**YOUR ASSIGNMENT**
Only the text of the records, copied exactly, is wanted; no pictures.

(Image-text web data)
★ ★ ★

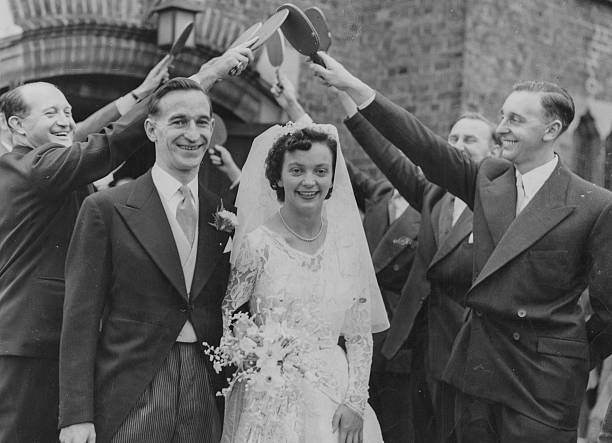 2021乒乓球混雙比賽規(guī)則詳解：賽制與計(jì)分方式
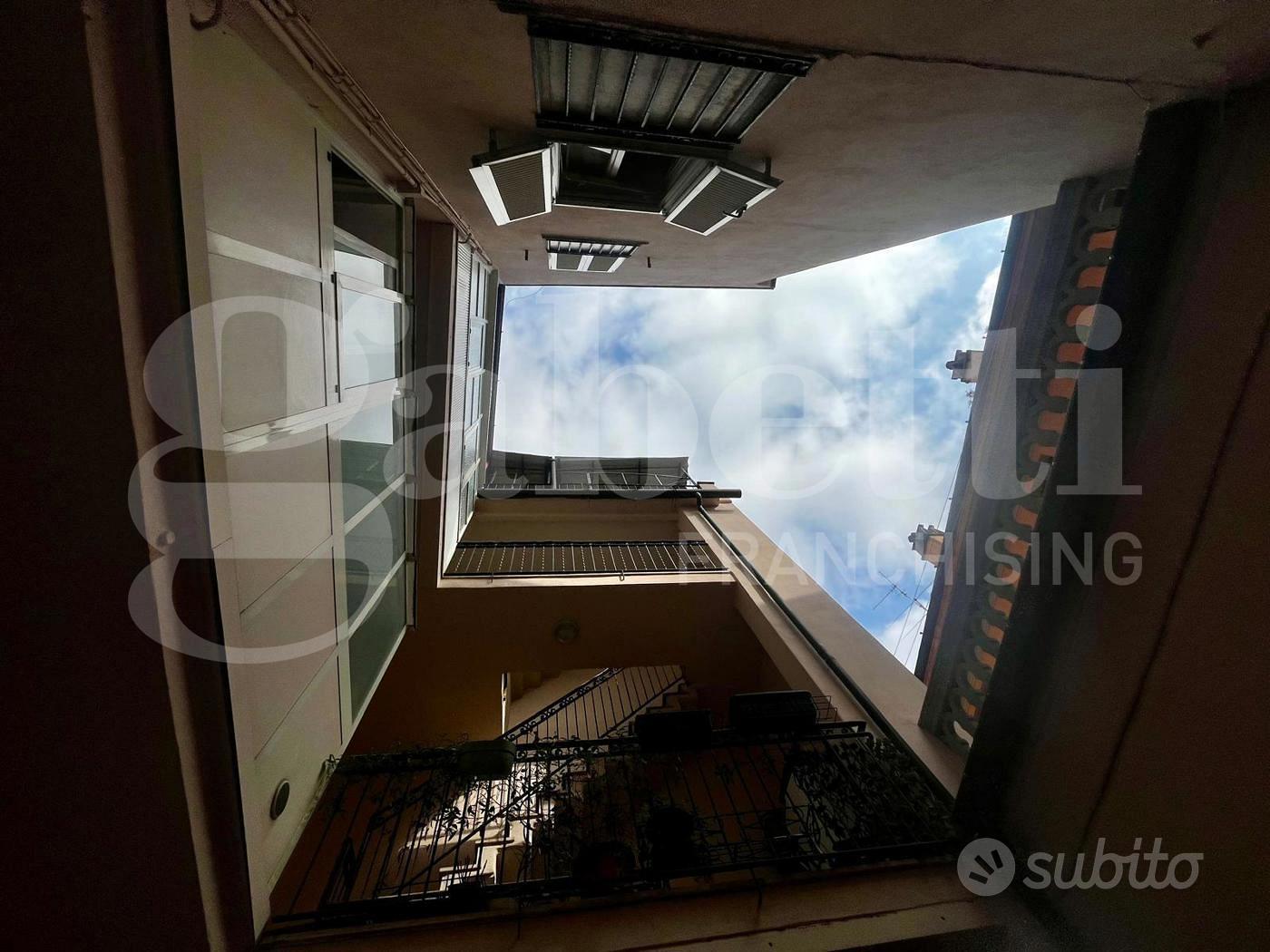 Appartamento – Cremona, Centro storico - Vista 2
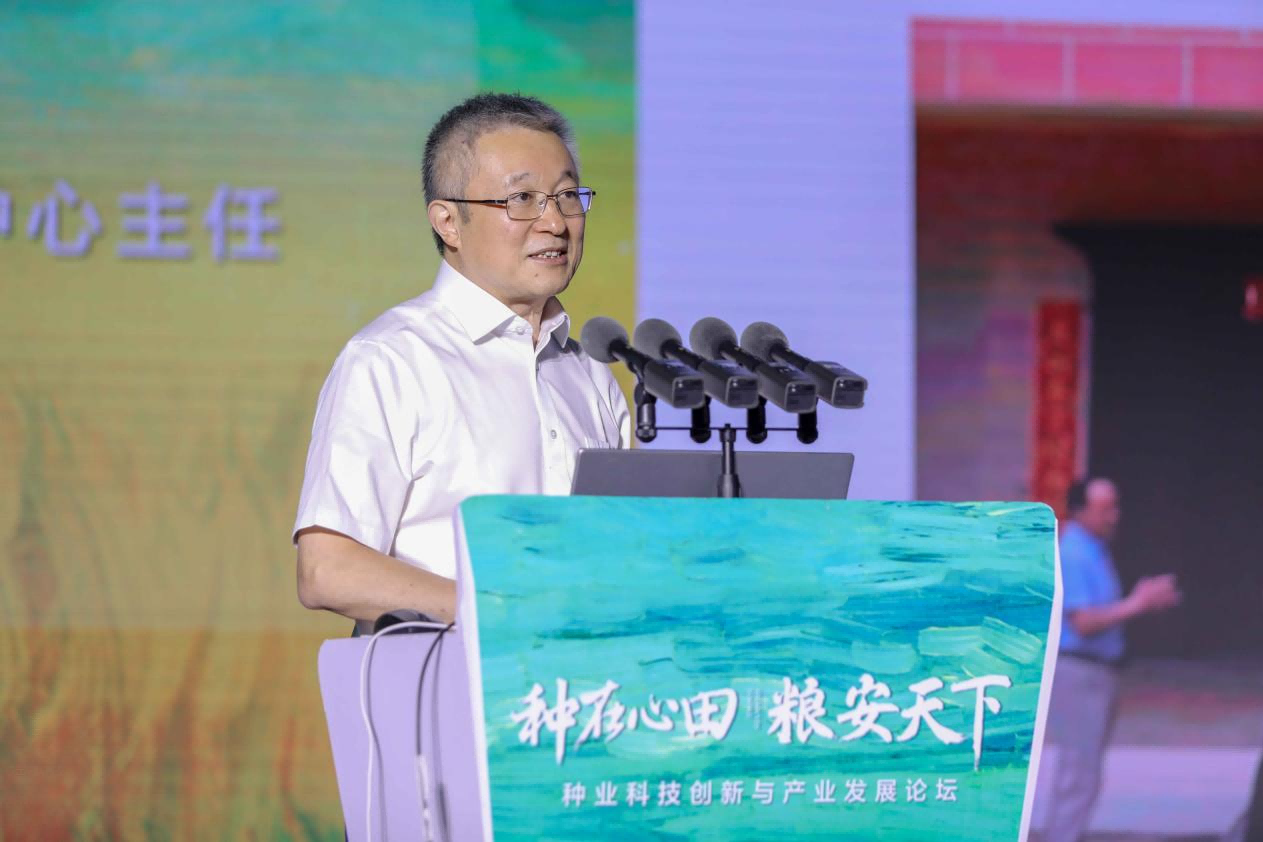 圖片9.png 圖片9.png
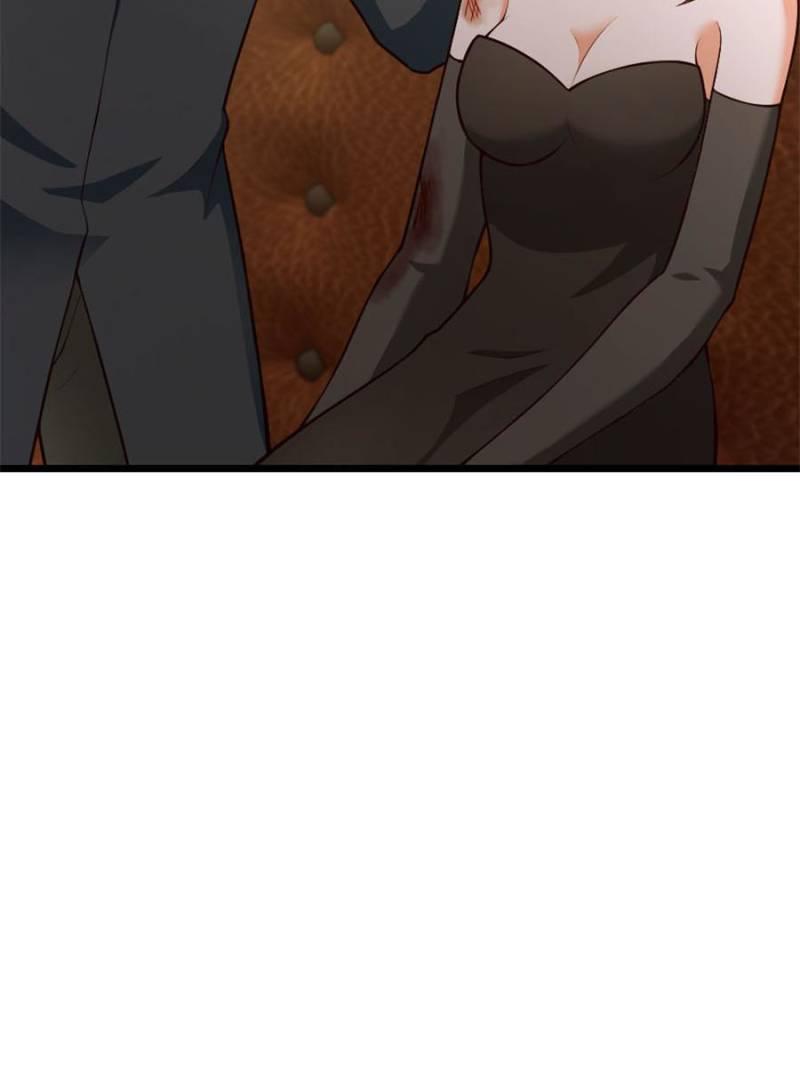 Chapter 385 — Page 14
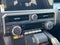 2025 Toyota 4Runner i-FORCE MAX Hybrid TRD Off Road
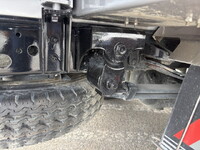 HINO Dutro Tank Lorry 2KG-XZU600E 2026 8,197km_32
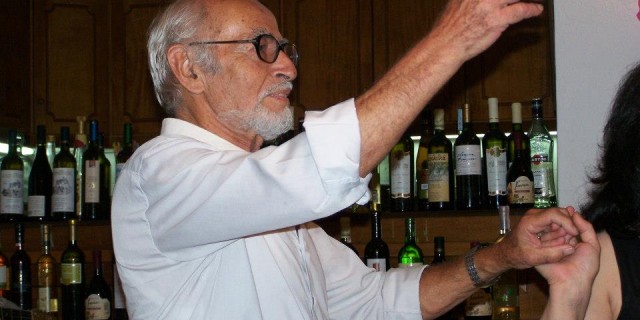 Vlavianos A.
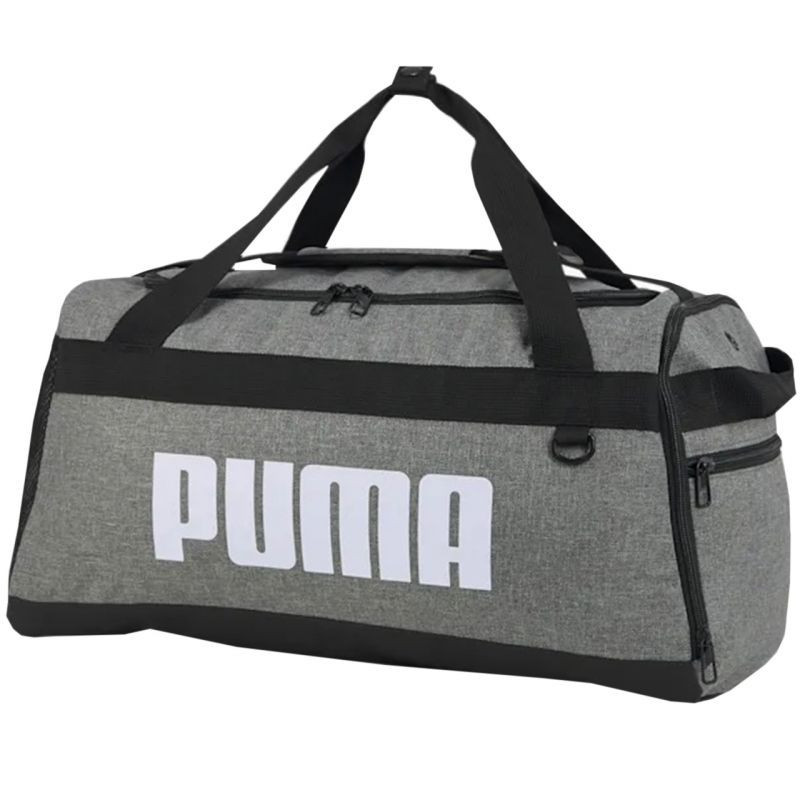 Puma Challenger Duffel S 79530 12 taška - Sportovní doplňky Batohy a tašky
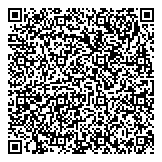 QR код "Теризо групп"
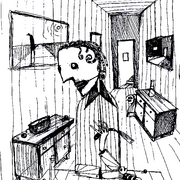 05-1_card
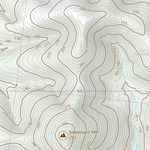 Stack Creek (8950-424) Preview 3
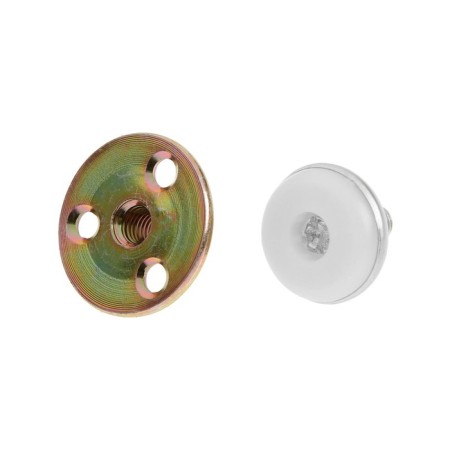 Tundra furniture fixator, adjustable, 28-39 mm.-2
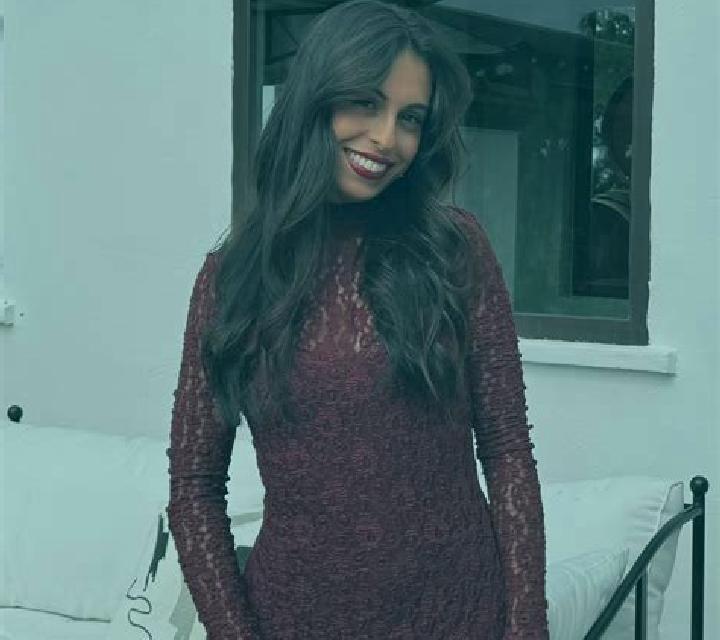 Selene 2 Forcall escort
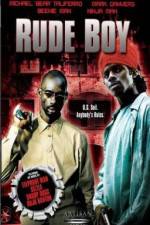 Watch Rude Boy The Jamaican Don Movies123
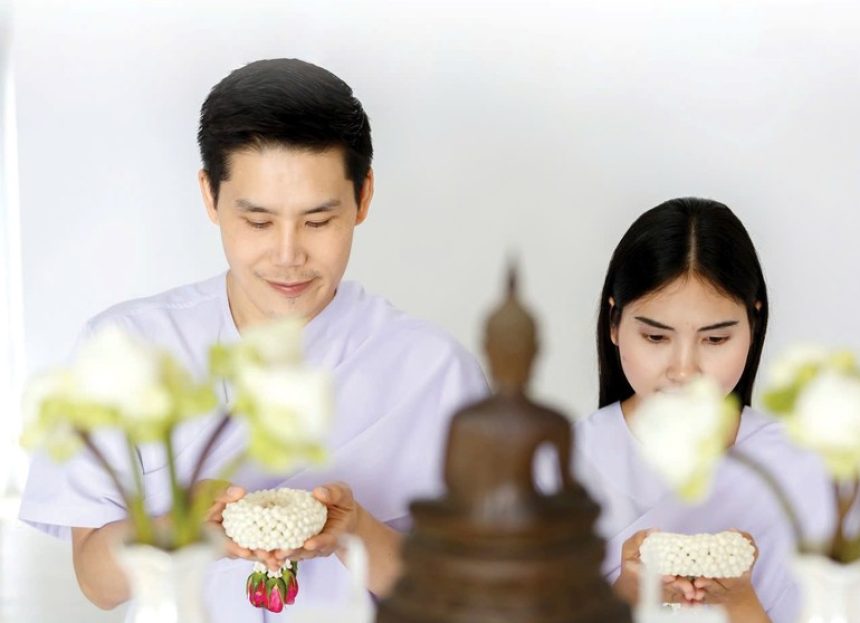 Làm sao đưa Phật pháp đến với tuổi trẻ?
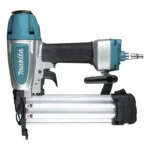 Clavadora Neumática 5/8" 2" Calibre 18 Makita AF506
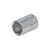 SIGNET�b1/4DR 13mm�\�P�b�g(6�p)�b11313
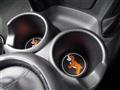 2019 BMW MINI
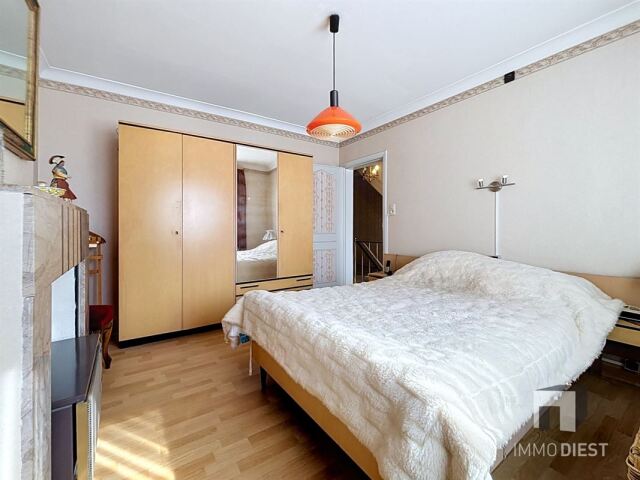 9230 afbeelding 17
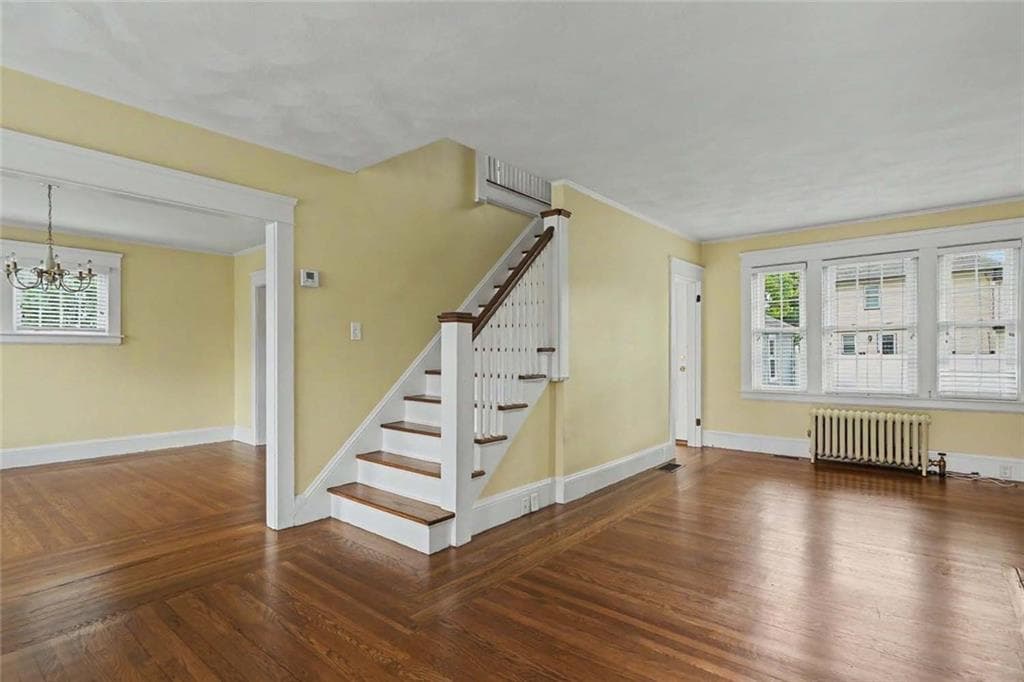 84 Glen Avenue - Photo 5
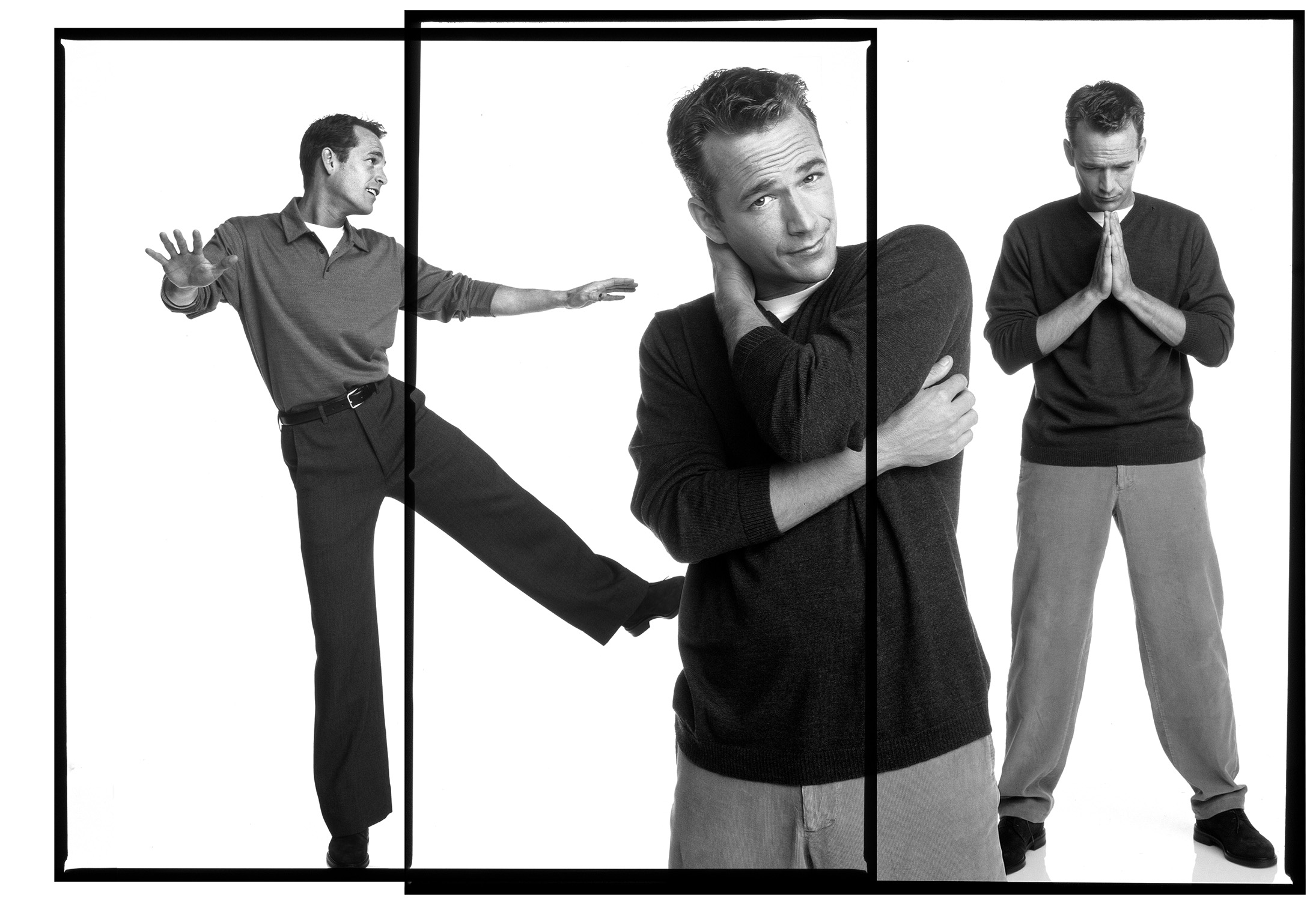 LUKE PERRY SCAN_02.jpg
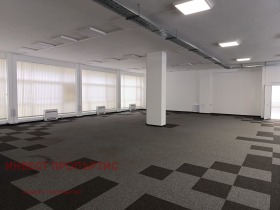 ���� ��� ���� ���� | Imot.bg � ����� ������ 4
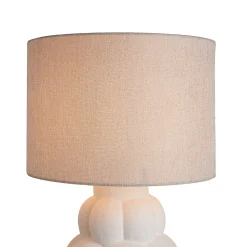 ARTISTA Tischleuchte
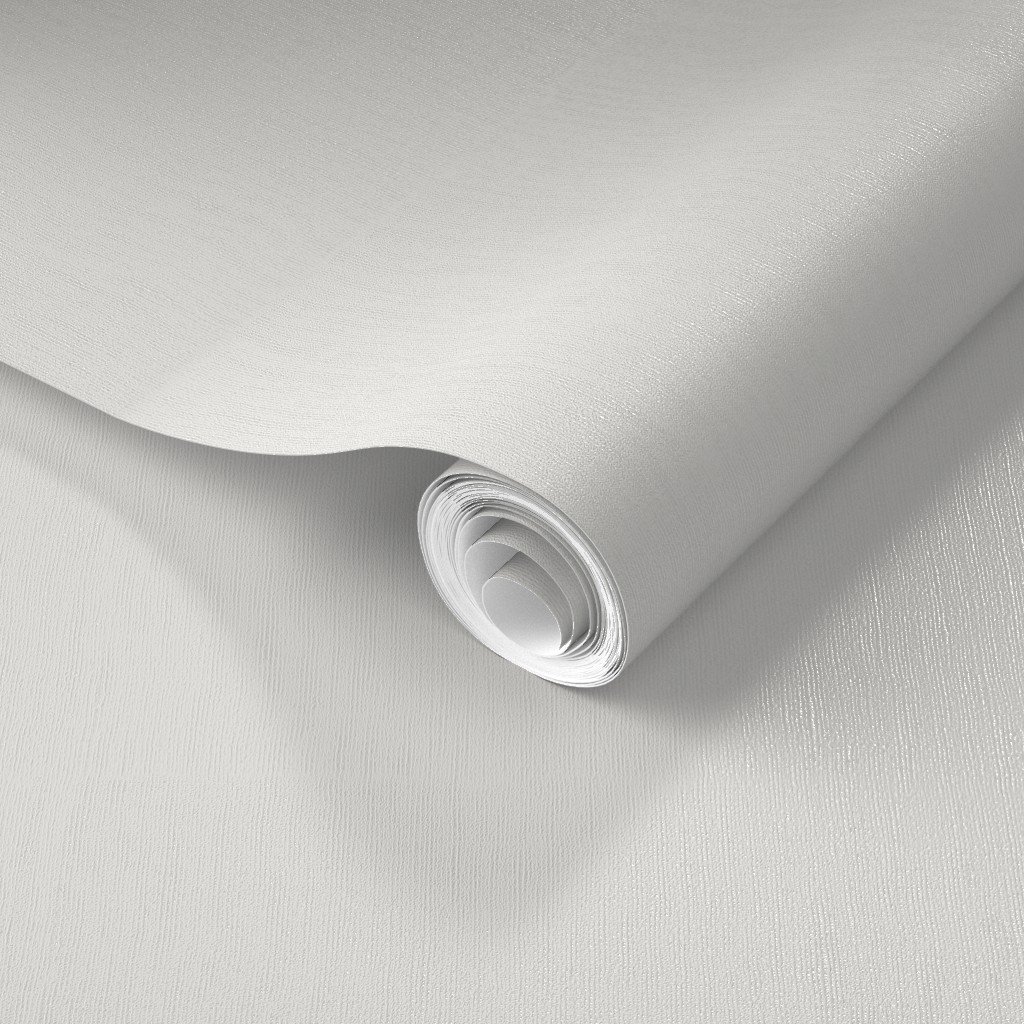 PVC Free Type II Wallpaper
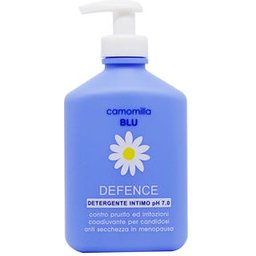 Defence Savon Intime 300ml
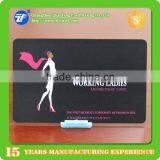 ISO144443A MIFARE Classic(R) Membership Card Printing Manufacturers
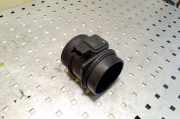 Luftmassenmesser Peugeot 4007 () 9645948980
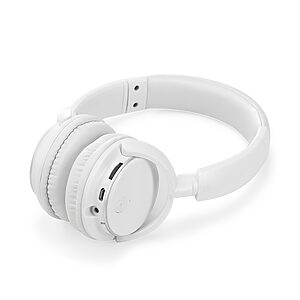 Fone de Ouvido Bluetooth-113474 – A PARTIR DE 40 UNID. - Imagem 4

★ ★ ★

**SOLUTION FOR THIS TASK**
 2021乒乓球混雙比賽規(guī)則詳解：賽制與計(jì)分方式
 Appartamento – Cremona, Centro storico - Vista 2
 圖片9.png 圖片9.png
 Chapter 385 — Page 14
 2025 Toyota 4Runner i-FORCE MAX Hybrid TRD Off Road
 HINO Dutro Tank Lorry 2KG-XZU600E 2026 8,197km_32
 Vlavianos A.
 Puma Challenger Duffel S 79530 12 taška - Sportovní doplňky Batohy a tašky
 QR код "Теризо групп"
 05-1_card
 Stack Creek (8950-424) Preview 3
 Tundra furniture fixator, adjustable, 28-39 mm.-2
 Selene 2 Forcall escort
 Watch Rude Boy The Jamaican Don Movies123
 Làm sao đưa Phật pháp đến với tuổi trẻ?
 Clavadora Neumática 5/8" 2" Calibre 18 Makita AF506
 SIGNET�b1/4DR 13mm�\�P�b�g(6�p)�b11313
 2019 BMW MINI
 9230 afbeelding 17
 84 Glen Avenue - Photo 5
 LUKE PERRY SCAN_02.jpg
 ���� ��� ���� ���� | Imot.bg � ����� ������ 4
 ARTISTA Tischleuchte
 PVC Free Type II Wallpaper
 Defence Savon Intime 300ml
 ISO144443A MIFARE Classic(R) Membership Card Printing Manufacturers
 Luftmassenmesser Peugeot 4007 () 9645948980
 Fone de Ouvido Bluetooth-113474 – A PARTIR DE 40 UNID. - Imagem 4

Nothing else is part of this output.